# Movie Wars
## ~ BONUS – The dark side of The Data ~

First of all, we should set the notebook so that it outputs all results of each cell and not only the last one.

In [None]:
from IPython.core.interactiveshell import InteractiveShell
InteractiveShell.ast_node_interactivity = "all"

And import all the python libraries needed for this step.

In [None]:
import numpy as np
import pandas as pd
import matplotlib.pyplot as plt
from collections import Counter
from sklearn.model_selection import train_test_split
from sklearn.linear_model import LogisticRegression
from sklearn.ensemble import GradientBoostingRegressor
from sklearn import neighbors
from sklearn.decomposition import PCA
from sklearn.metrics import confusion_matrix
from sklearn.metrics import mean_squared_error
from sklearn.metrics import mean_absolute_error 
from sklearn.tree import DecisionTreeClassifier, plot_tree, export_graphviz
from imblearn.over_sampling import RandomOverSampler

pd.options.mode.chained_assignment = None

Next, let's define how to plot a **confusion matrix**.

In [None]:
def plot_confusion_matrix(y_true, y_pred,classes, normalize = False, title = None, cmap = plt.cm.Blues, size = 4):
    if not title:
        if normalize:
            title = 'Normalized confusion matrix'
        else:
            title = 'Confusion matrix, without normalization'

    # Compute confusion matrix
    cm = confusion_matrix(y_true, y_pred)
    
    # Only use the labels that appear in the data
    if normalize:
        cm = cm.astype('float') / cm.sum(axis=1)[:, np.newaxis]
        print("Normalized confusion matrix")
    else:
        print('Confusion matrix, without normalization')
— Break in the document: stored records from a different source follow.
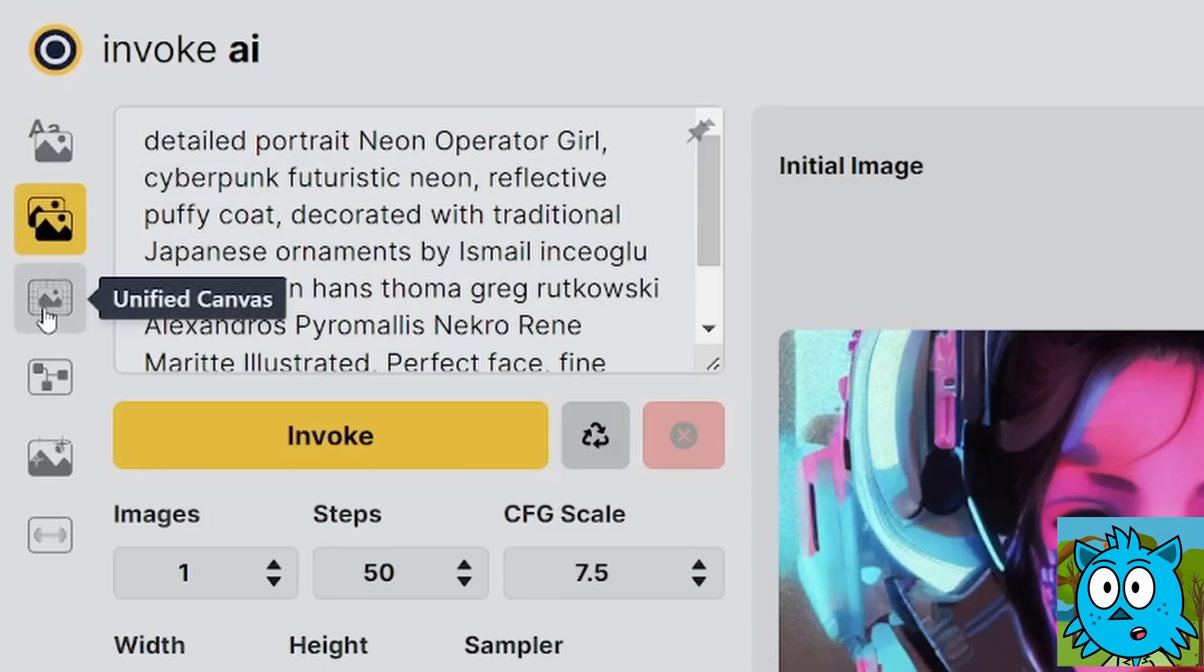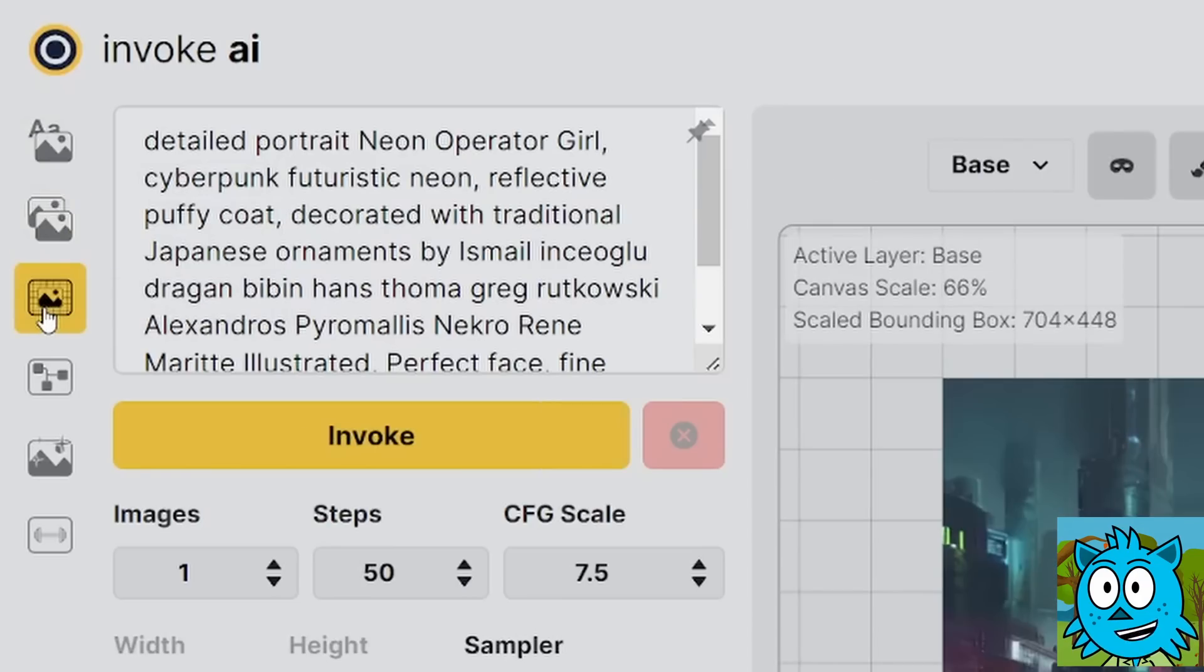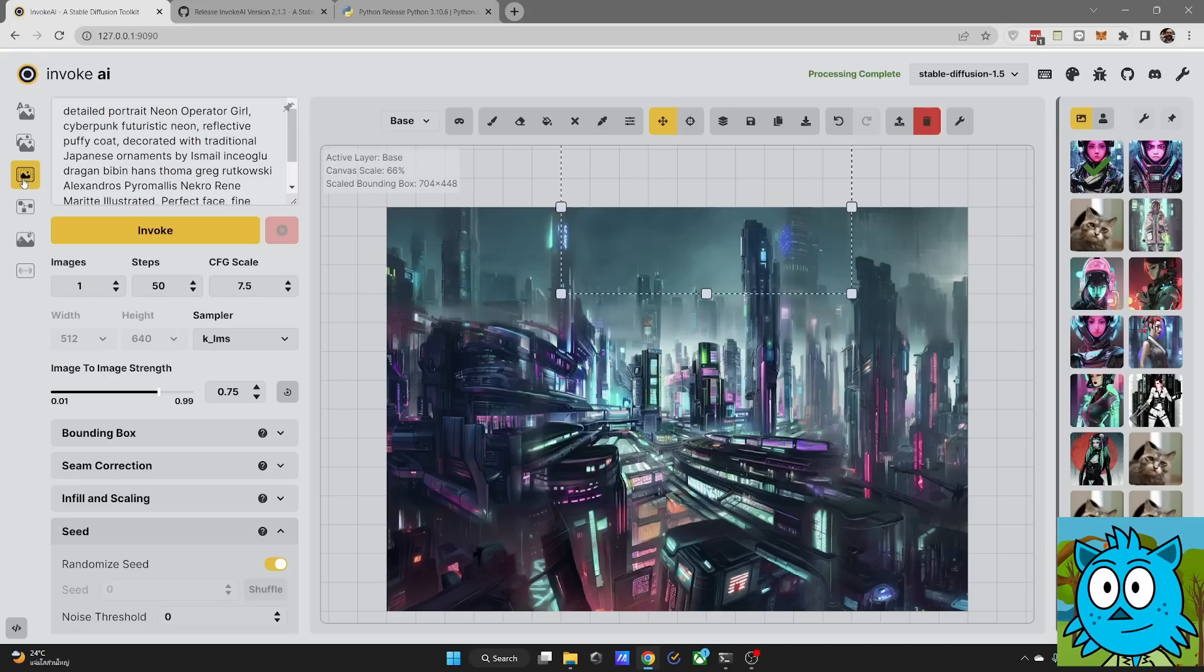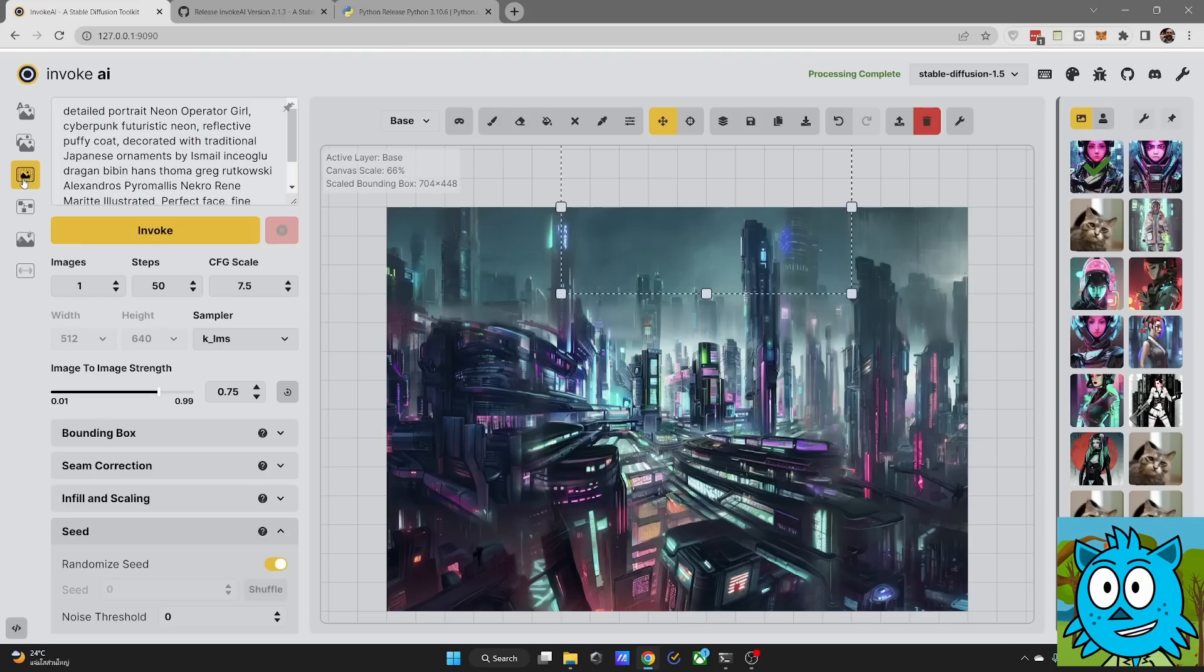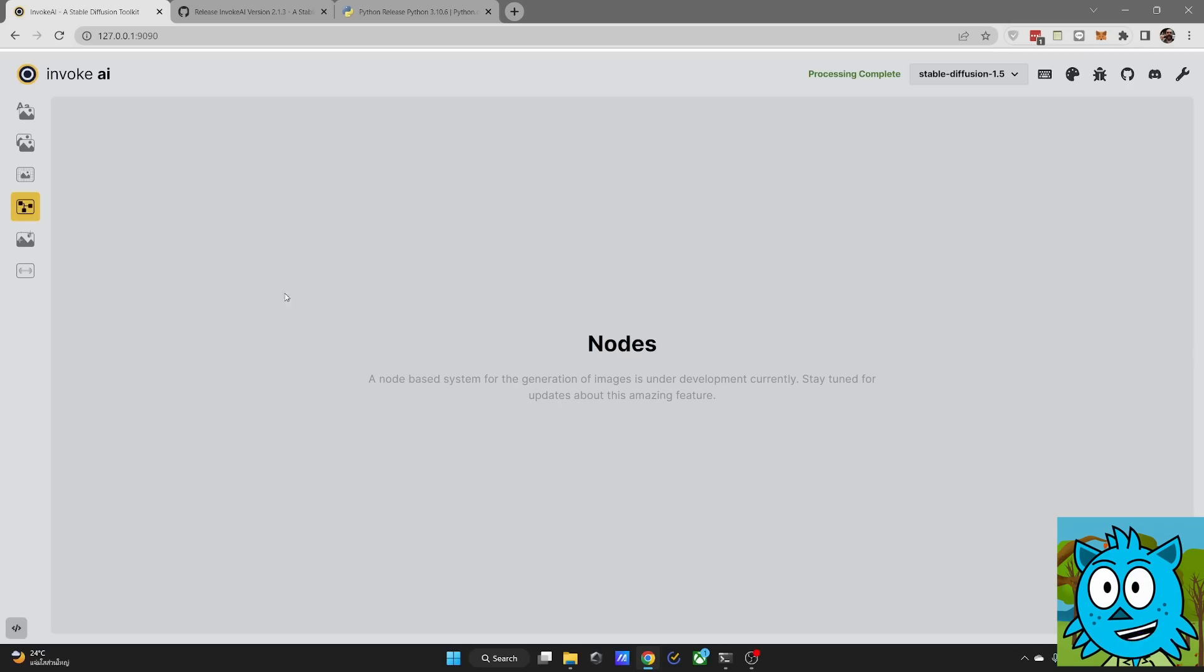Then the best part is you have a unified canvas. You can do outpainting here. This is the best working outpainting I have ever seen. So you can get crazy good results with the first roll, with the second roll. I didn't take as long as with automatic 1111. This works a lot better.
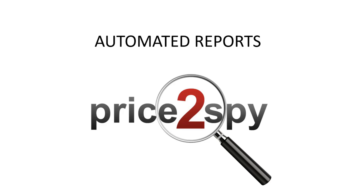As you already might know, Price2Spy offers you a large variety of reports and each one of them can be filtered or customized by applying options of your choice.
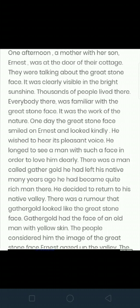Gather Gold had the face of an old man with yellow skin. The people considered him to have the image of the Great Stone Face. However, Ernest gazed across the valley and the Great Stone Face seemed to reject Gather Gold as its likeness.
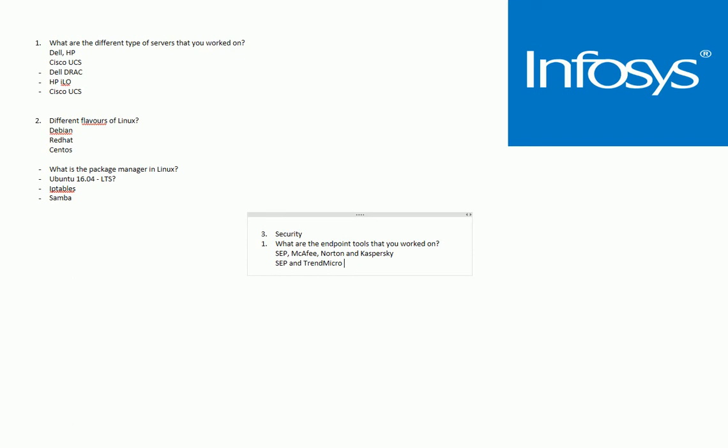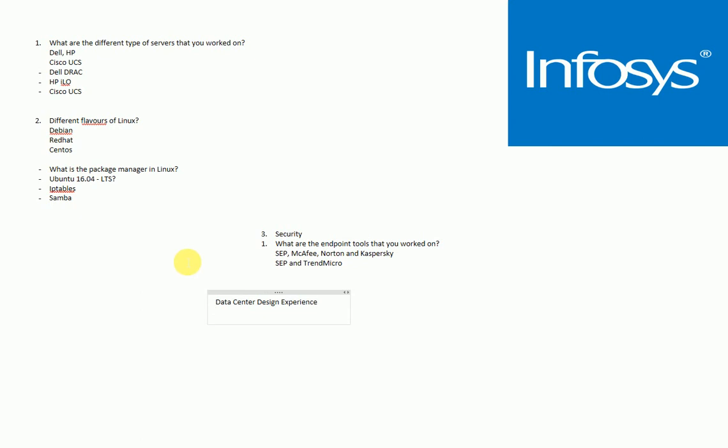They asked me about details about the data center design experience. Most of the questions in this part, like the data center design experience, were focused on the rack servers, the UPS systems, cooling, and how do you monitor all these things, what DCIM solutions you work with. It was pretty strong. The interview went on and it was pretty strong in collecting all this information and analyzing my work experience.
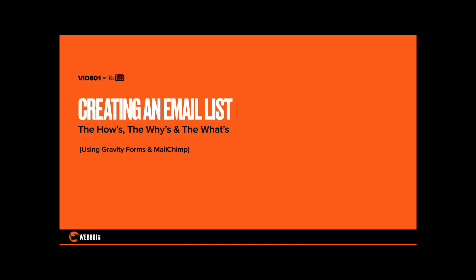I'm Nate Moeller from Web801 and we're going to talk today about creating an email list, the hows and whys using Gravity Forms and Mailchimp.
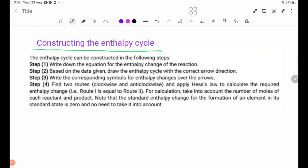When constructing the enthalpy cycle, follow these steps. Step 1: write down the equation for the enthalpy change of the reaction. Step 2: based on the data given, draw the enthalpy cycle with the correct arrow directions.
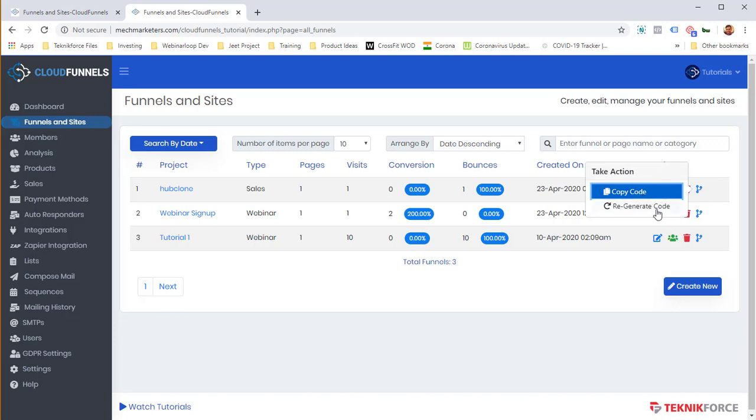And if you are worried about access, if you've given access to somebody and you want to change the code, you can just click on Regenerate Code. And it will be a new code the next time. And the people who already have the code won't be able to clone the funnels again. So you can be sure that you can give a new code to every user.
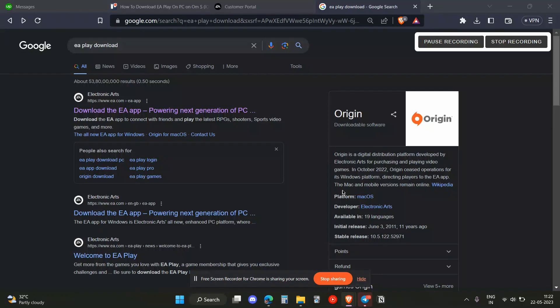Hello everyone, in this video I'm going to show you how you can download the EA application on your laptop. The easiest way to do that is to search on your browser for EA Play download.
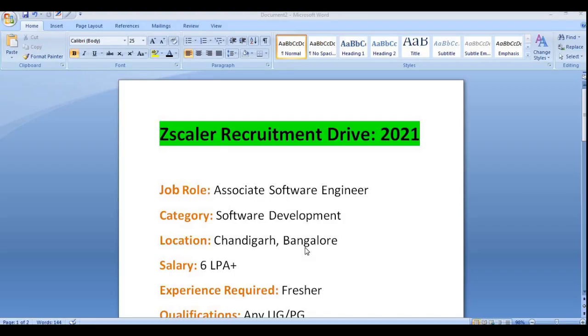In this video we will be discussing about Zscaler recruitment drive 2021. Zscaler is one of the best, or you can say one of the top most leading companies or MNCs nowadays.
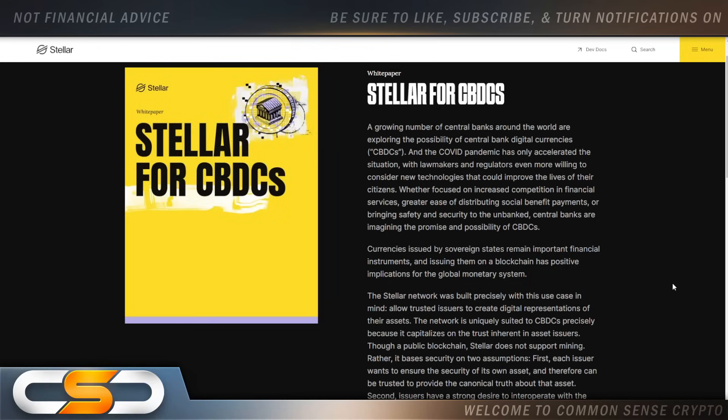Whether focused on increased competition in financial services, greater ease of distributing social benefit payments or bringing safety and security to the unbanked. Central banks are imagining the promise and possibilities of CBDCs. Now we know almost every country is ready to go live with one of these in the very near future.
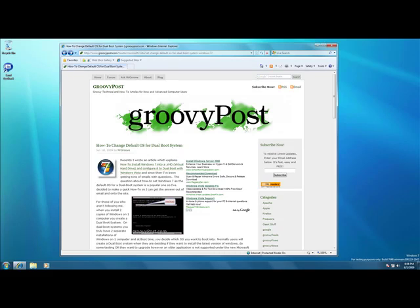Hi, this is Mr. Groove from GroovyPost.com. Recently I posted an article which talked about how you could dual boot a Windows system into Windows 7, and after I did that I received a lot of emails that asked about how they would set Windows 7 as the default OS during the boot time on the dual boot box. So just to quickly show you that, this is gonna be a real quick video.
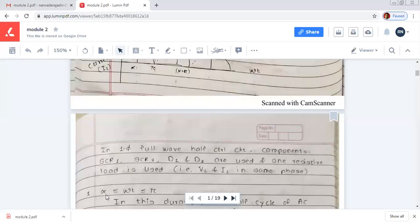Alpha is the delay angle, and conduction occurs between alpha to pi. In the single phase full wave half control circuit, the components already discussed are two SCRs, two diodes, and one resistive load.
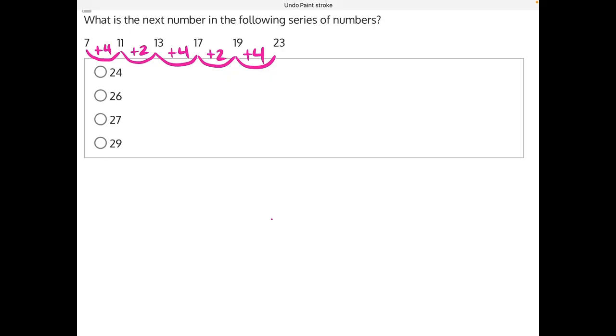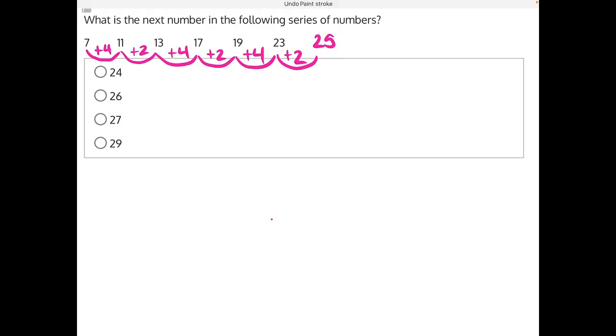However, if we were to follow this pattern and add 2 to 23, we would get 25 as the next number in our series, and that is not an answer choice. So we need to go back and re-evaluate.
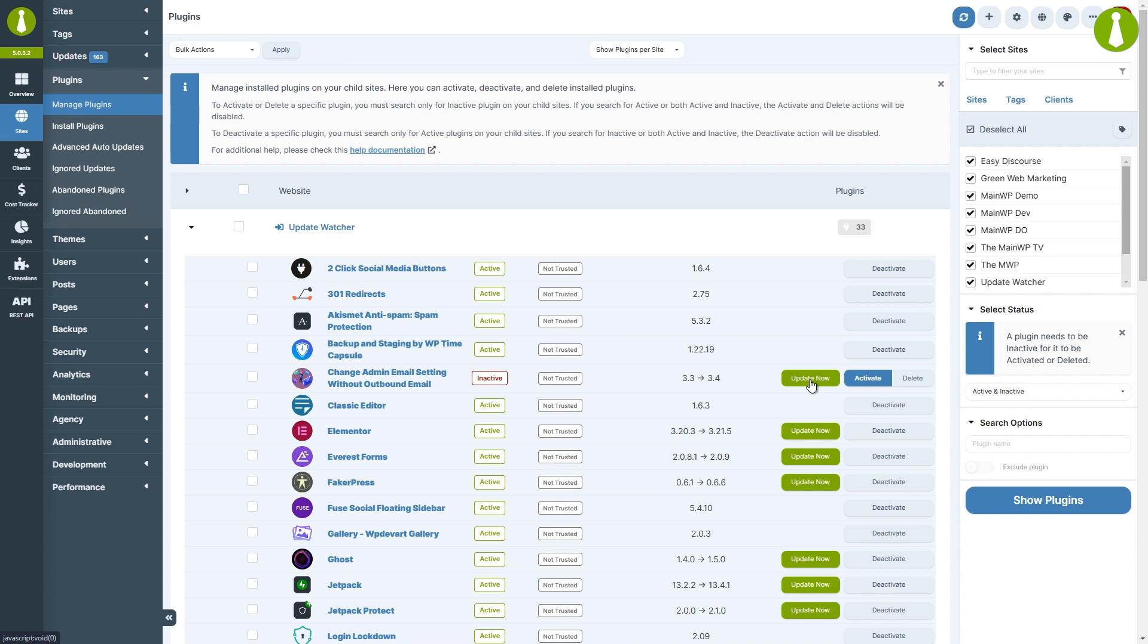You can also perform these actions in bulk from the bulk actions menu. As you can see, most actions now are grayed out because we searched for both inactive and active plugins.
    fig, ax = plt.subplots()
    im = ax.imshow(cm, interpolation = 'nearest', cmap = cmap)
    ax.figure.colorbar(im, ax = ax)
    # We want to show all ticks...
    ax.set(xticks = np.arange(cm.shape[1]),
           yticks = np.arange(cm.shape[0]),
           # ... and label them with the respective list entries
           xticklabels = classes, yticklabels = classes,
           title = title,
           ylabel = 'True label',
           xlabel = 'Predicted label')

    # Rotate the tick labels and set their alignment.
    plt.setp(ax.get_xticklabels(), rotation = 45, ha = "right",
             rotation_mode = "anchor")
    
    fig.set_size_inches(size, size)
    
    # Loop over data dimensions and create text annotations.
    fmt = '.2f' if normalize else 'd'
    thresh = cm.max() / 2.
    for i in range(cm.shape[0]):
        for j in range(cm.shape[1]):
            ax.text(j, i, format(cm[i, j], fmt),
                    ha = "center", va = "center",
                    color = "white" if cm[i, j] > thresh else "black")
    fig.tight_layout()
    return ax

Next, we state where our data sources are.

In [None]:
data_folder_path = 'data\\'

user_profiles_file_path = data_folder_path + 'user_profiles.csv'
movie_profiles_file_path = data_folder_path + 'movie_profiles.csv'

Load the data.

In [None]:
user_profiles = pd.read_csv(user_profiles_file_path, sep = ';')
movie_profiles = pd.read_csv(movie_profiles_file_path, sep = ';')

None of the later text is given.